◆ **Provided information**:

----------------

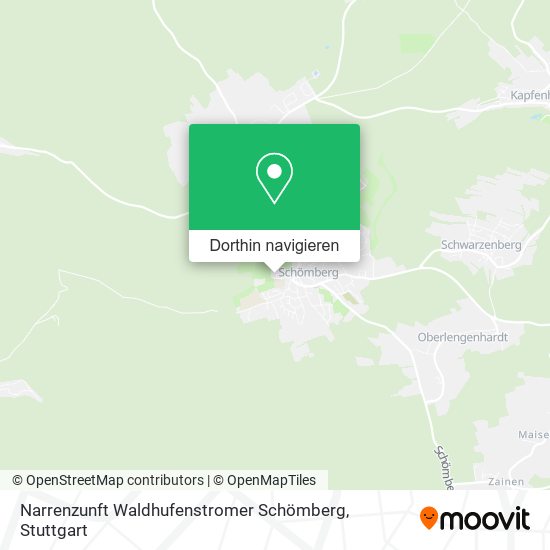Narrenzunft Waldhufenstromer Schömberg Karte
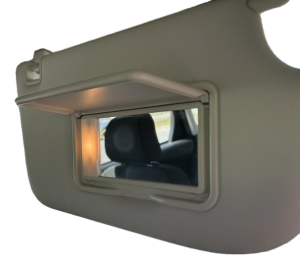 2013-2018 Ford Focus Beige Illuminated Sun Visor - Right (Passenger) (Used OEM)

----------------

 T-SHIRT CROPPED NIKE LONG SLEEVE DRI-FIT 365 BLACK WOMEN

----------------

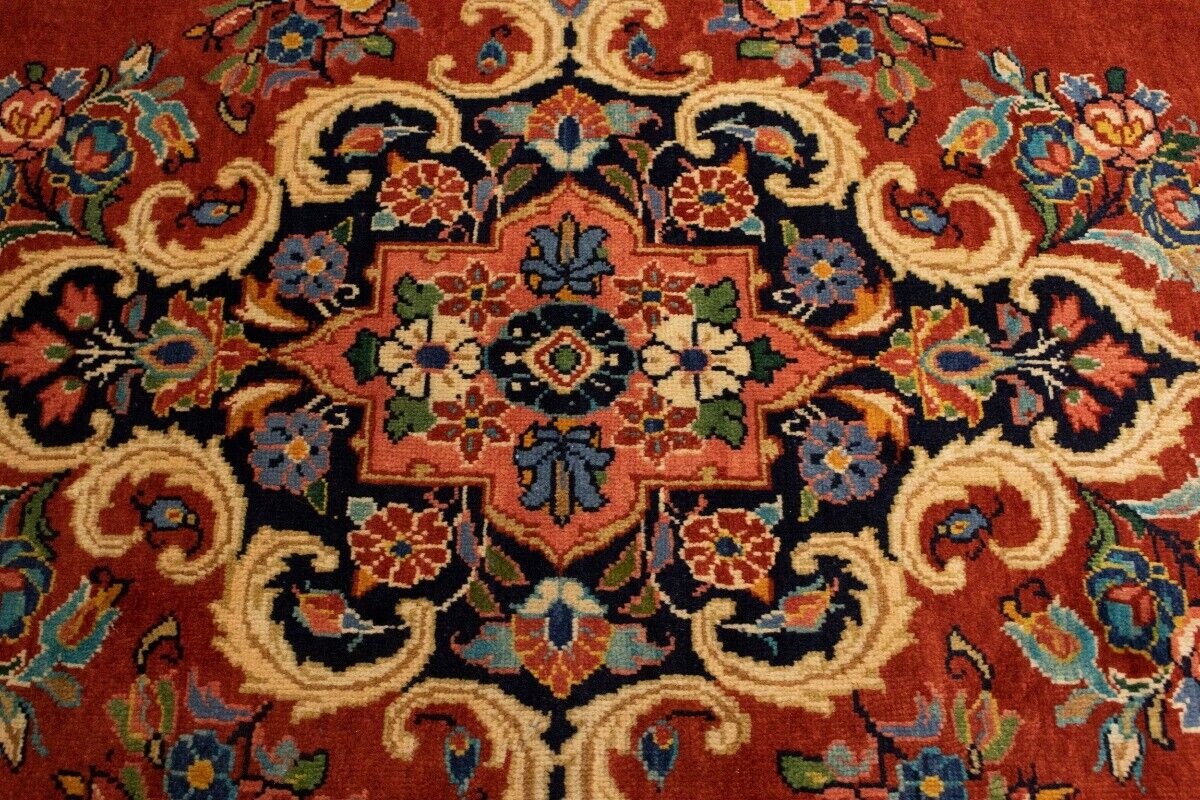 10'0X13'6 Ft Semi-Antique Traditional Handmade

----------------

◆ **What to work on**:
The reply should hold the entries above from the line with "Narrenzunft Waldhufenstromer Schömberg Karte" to the line with "2013-2018 Ford Focus", duplicated exactly, pictures excluded.

◆ **Finished task**:
Narrenzunft Waldhufenstromer Schömberg Karte
 2013-2018 Ford Focus Beige Illuminated Sun Visor - Right (Passenger) (Used OEM)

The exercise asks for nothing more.